PDIP dan PKS Sebut Nama, Golkar Pakai Inisial

Jakarta – Rapat Pansus Hak Angket Century dengan agenda penyampaian pandangan akhir fraksi dimulai pada Selasa, 23 Februari 2010 pukul 20.10, satu jam terlambat dari jadwal yang direncanakan semula pukul 19.00, dumulai dengan pandangan fraksi Partai Demokrat.

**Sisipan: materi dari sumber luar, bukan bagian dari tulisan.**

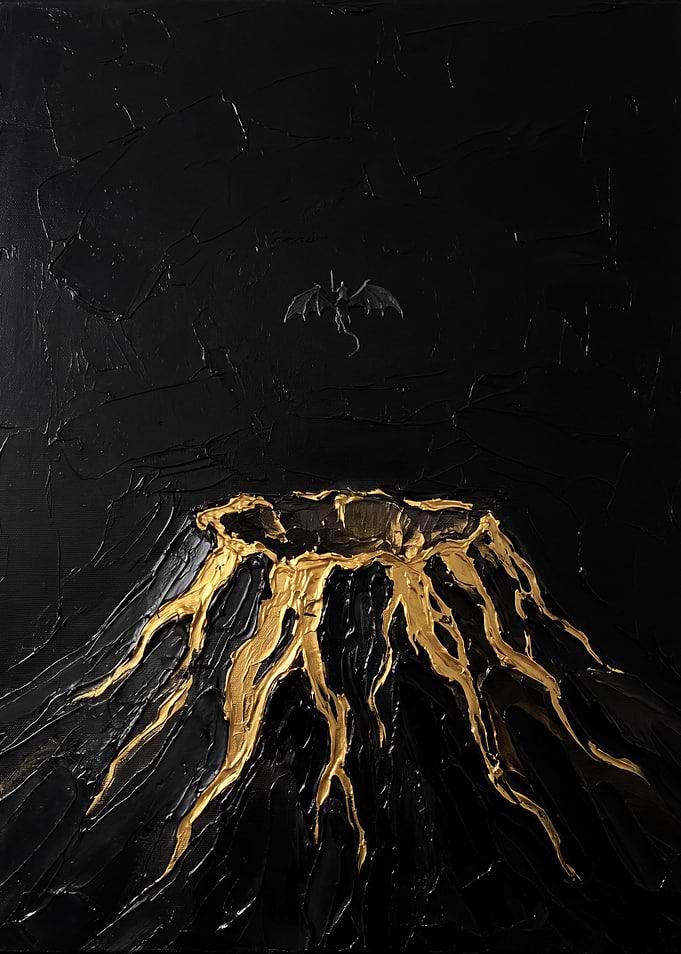 Dragon Flying Over Golden Volcano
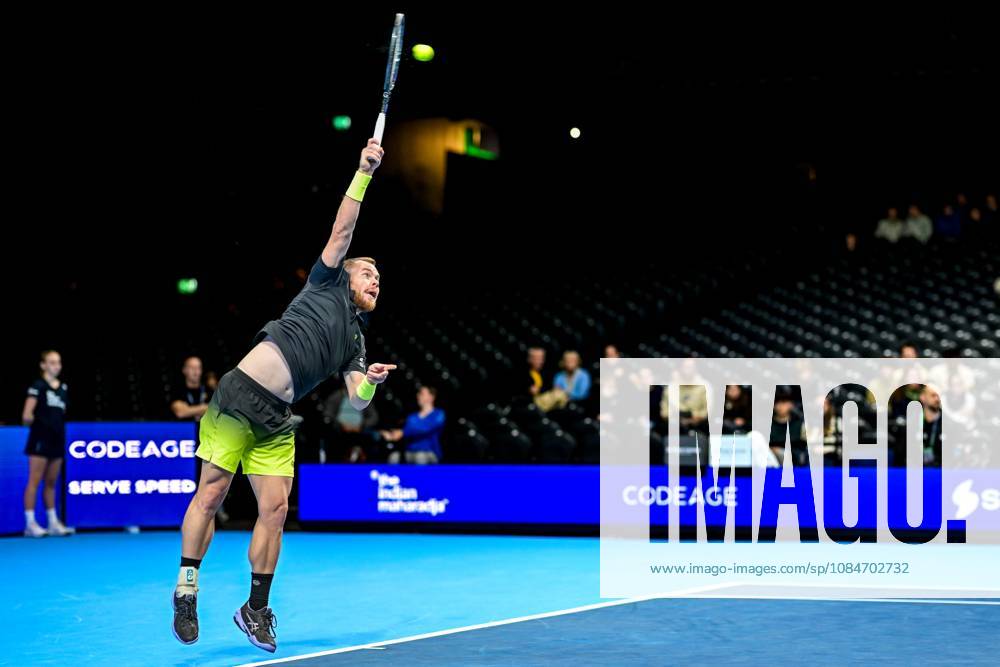 Remy Bertola of Switzerland is pictured in action during the European Open ATP, Tennis Herren tennis tournament in Brussels, on Saturday 18 October. This year s edition of the tournament is taking place from 17 to 25 October DAVIDxPINTENS x190193113x
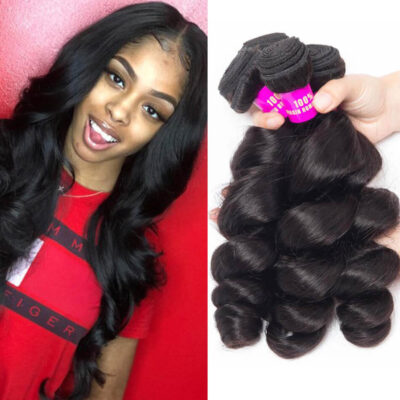 Evanhair Indian Loose Wave Hair 3 Bundles, Natural Black, 100% Human Hair, 10-30 Inch, Silky & Soft, Tangle-Free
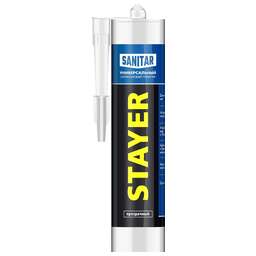 STAYER 260 мл, прозрачный, силиконовый, санитарный герметик (41215-2)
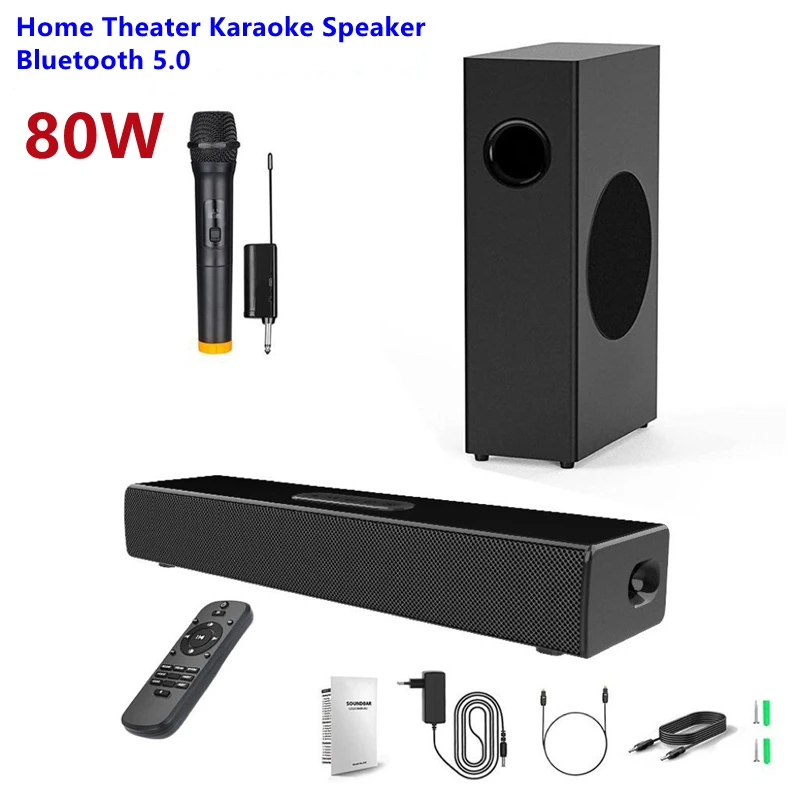 

Домашний кинотеатр, 3D стерео Bluetooth-динамик 2,1, пассивный сабвуфер 80 Вт, звуковая панель для телевизора, проводной беспроводной микрофон, звуковая система для караоке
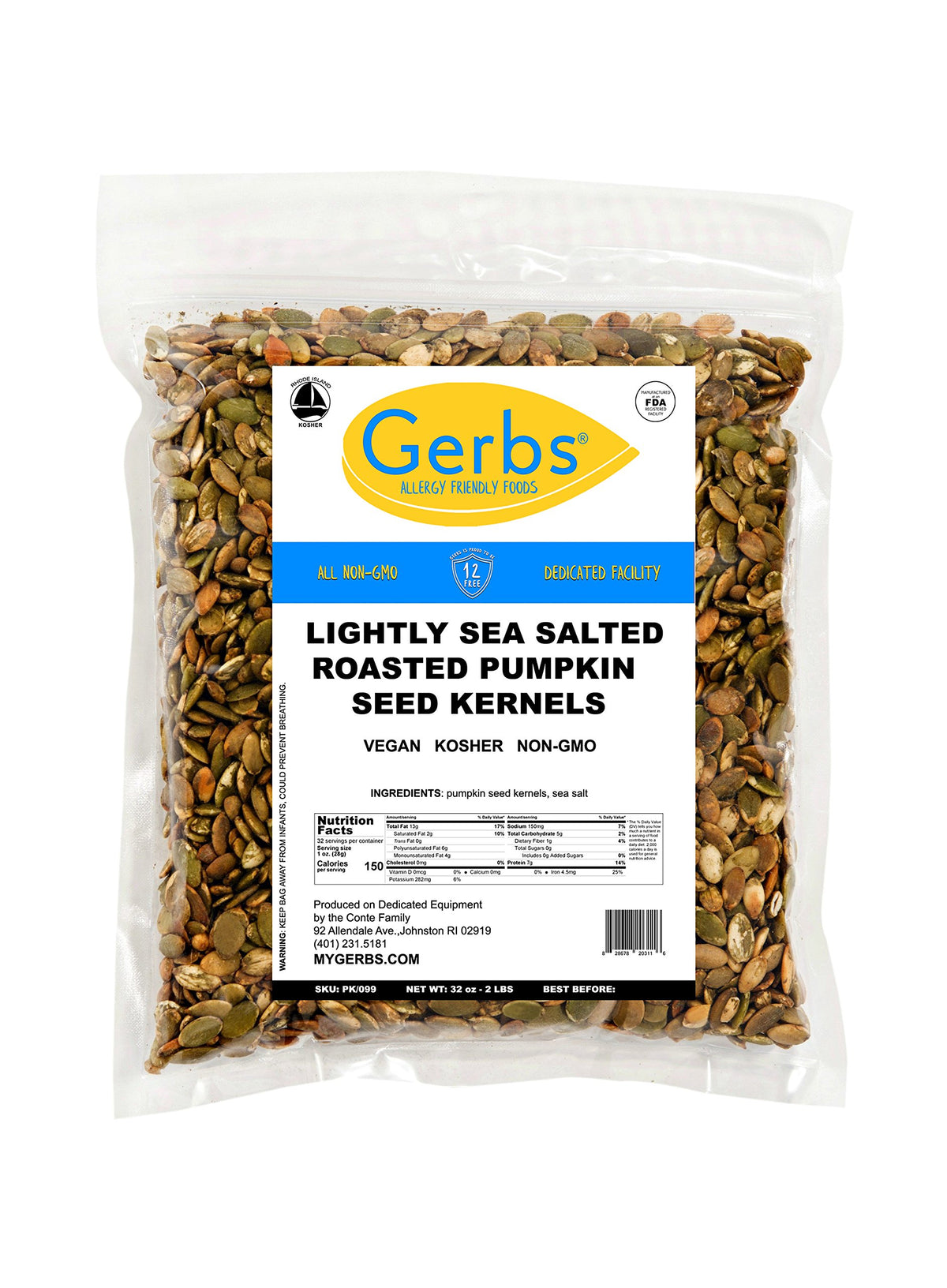 GERBS Resealable bag showcases allergen-free, high-quality ingredients.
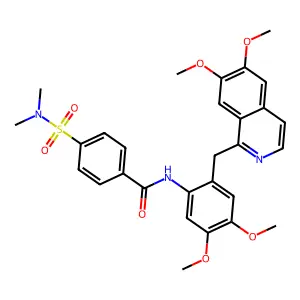 N-[2-[(6,7-dimethoxyisoquinolin-1-yl)methyl]-4,5-dimethoxyphenyl]-4-(dimethylsulfamoyl)benzamide structure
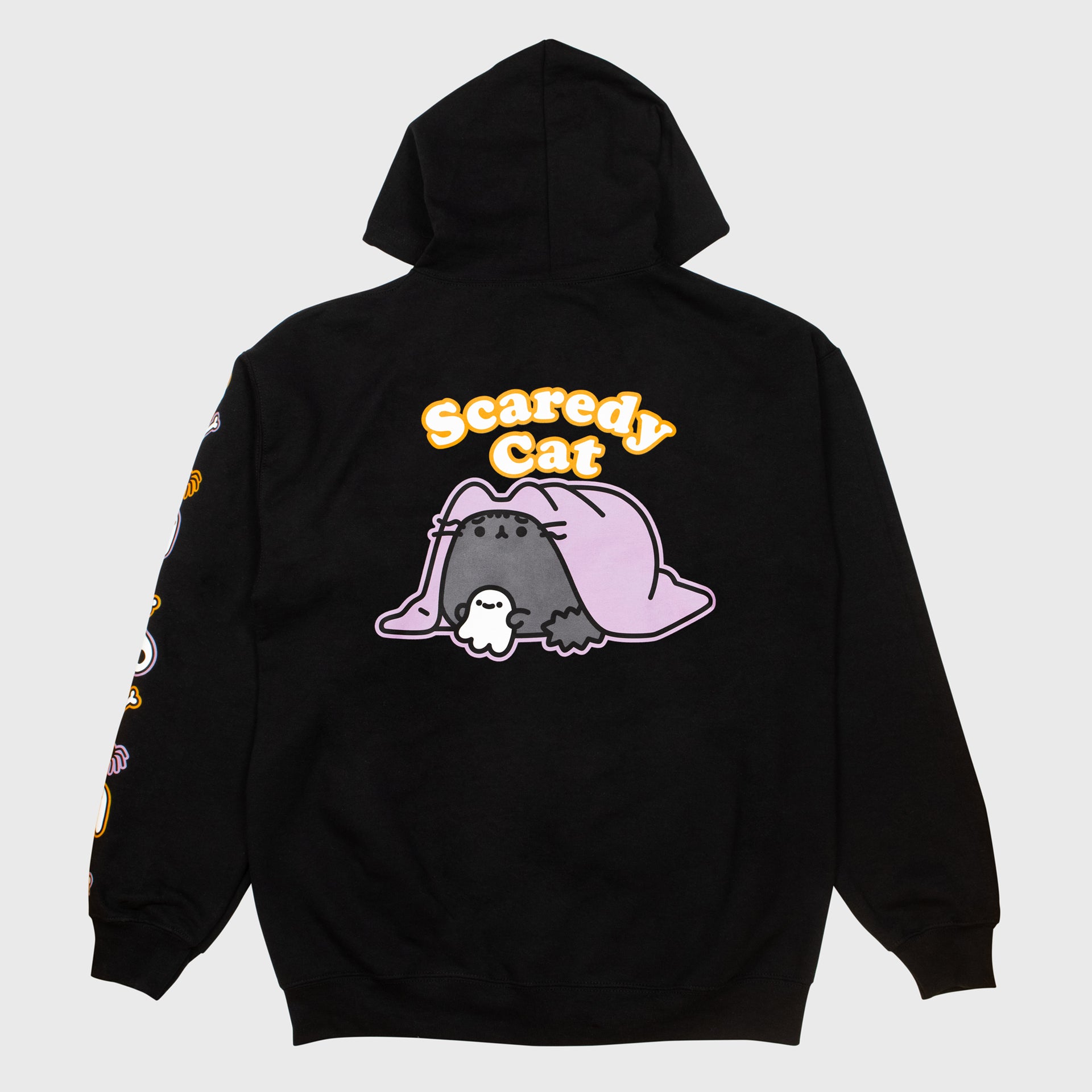 pusheen scaredy cat zip up hoodie back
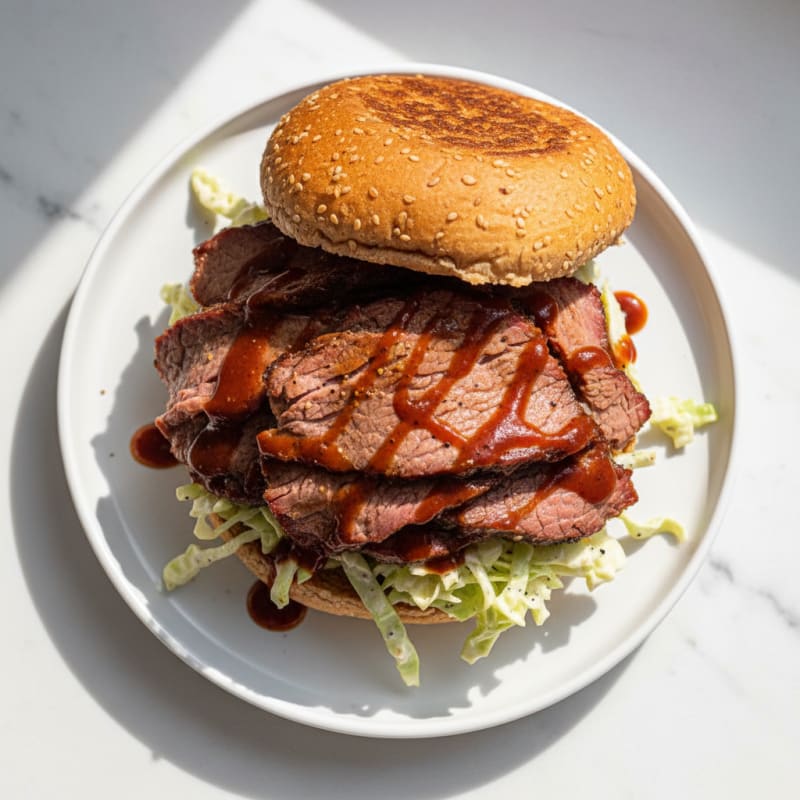 Smoky BBQ Brisket Sandwich with Creamy Slaw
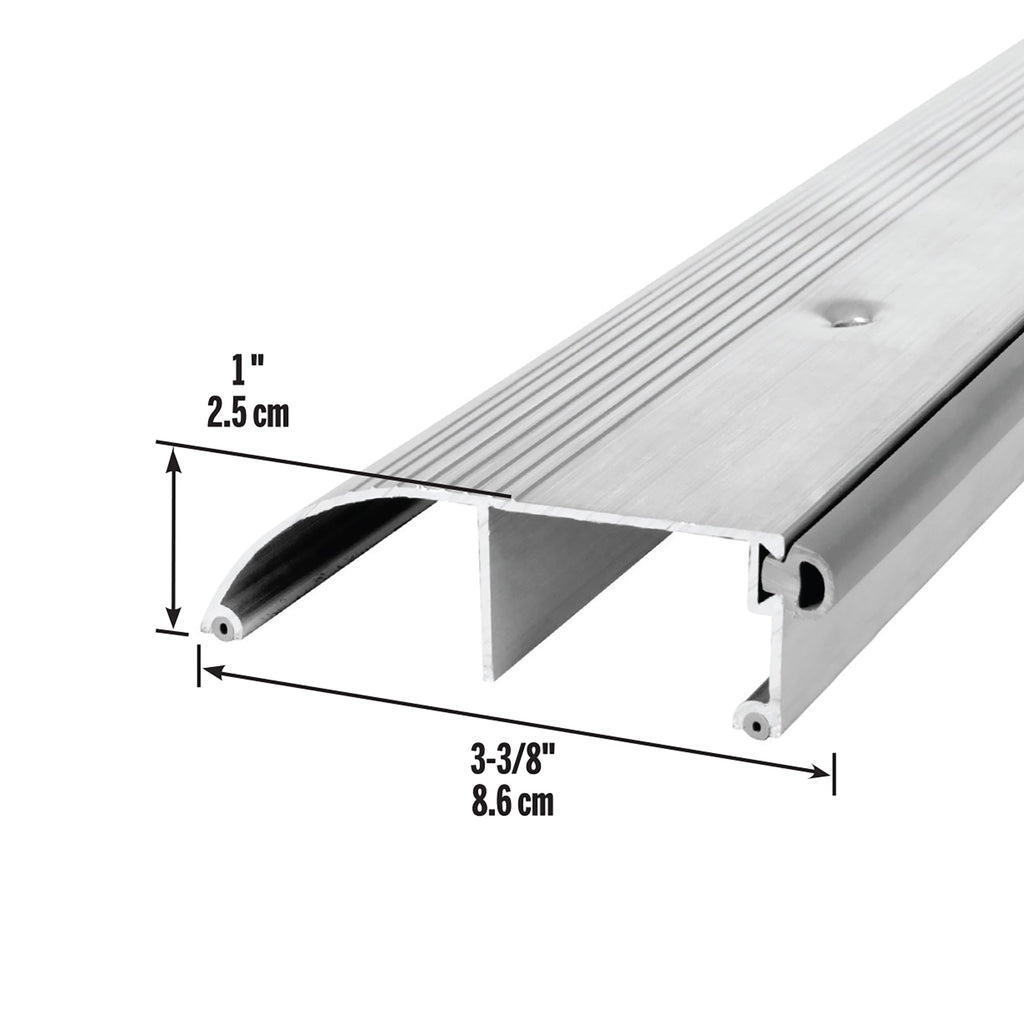 3-3/8 in. x 1 in. Aluminum and Vinyl High-Profile Outswing Door Threshold
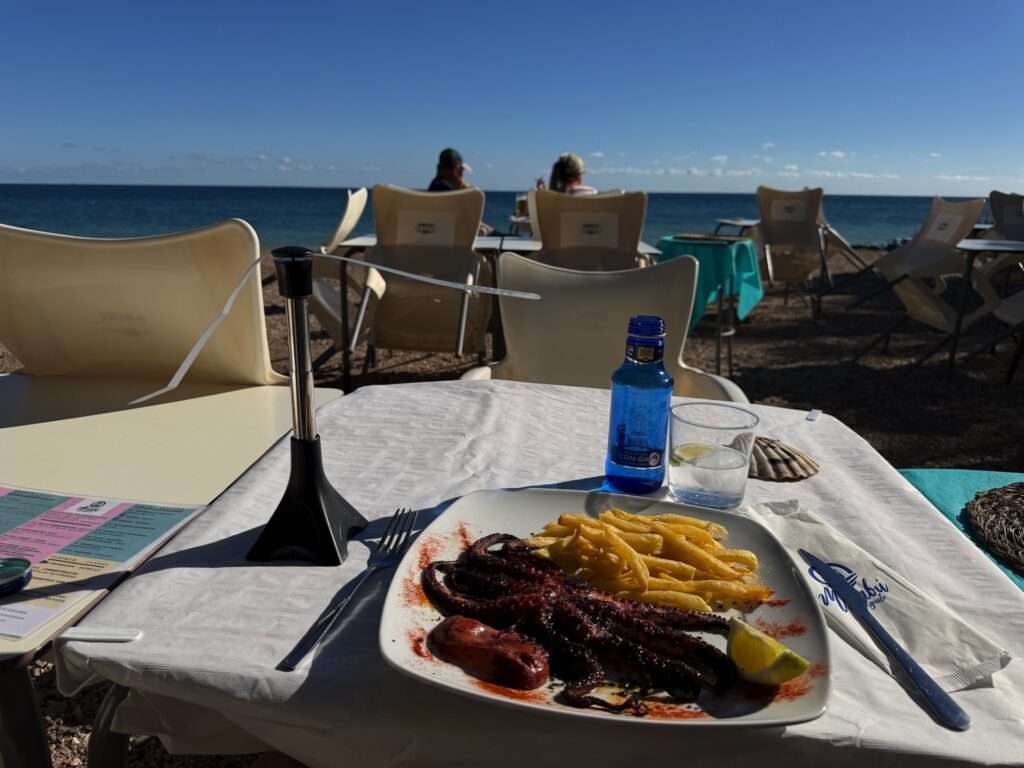 Algarve 2025-26 – 24 Ein Teller mit gegrilltem Oktopus, Pommes frites und einer Zitronenspalte steht auf einem Tisch mit Blick auf den Strand, eine Flasche Wasser in der Nähe und Menschen, die mit Blick auf das Meer im Hintergrund unter einem klaren blauen Himmel sitzen.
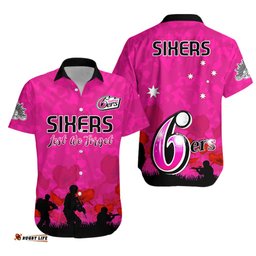 Sydney Sixers Cricket Hawaiian Shirt Anzac Day Camouflage Poppy Lest We Forget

Seperti diduga sebelumnya, PD menyatakan persetujuan dengan adanya bailout namun soal merger/akuisisi dan aliran dana, pandangan akhir fraksi yang dibacakan Achsanul Qosasi sependapat dengan fraksi lain bahwa telah terjadi pelanggaran, untuk itu direkomendasikan agar dilanjutkan dengan proses hukum terhadap semua pihak yang terkait.

Partai Demokrat juga berkesempatan menyampaikan pandangan bahwa tudingan adanya aliran dana ke sejumlah elit PD seperti yang pernah disampaikan LSM Bendera, dalam penyelidikan Pansus Century, tidak ditemukan aliran dimaksud.

Seperti janjinya semula, Partai Keadilan Sejahtera menyampaikan telah terjadi sejumlah pelanggaran pada semua tahapan yakni merger, FPJP, Penetapan Century sebagai bank gagal berdampak sistemik, dan penempatan modal sementara. Dalam penyampaiannya, PKS berpandangan seperti yang disampaikan oleh Andi Rahmat, menyebutkan nama semua individu yang bertanggungjawab sesuai dengan masing – masing tahapan.

Nama – nama yang bertanggungjawab tersebut diantaranya disebut PKS adalah Boediono, Sri Mulyani Indrawati, Mianda Gultom, Sabar Anton Tarihotan, Anwar Nasutin, Aulia Poha, dan Burhanuddin Abdullah.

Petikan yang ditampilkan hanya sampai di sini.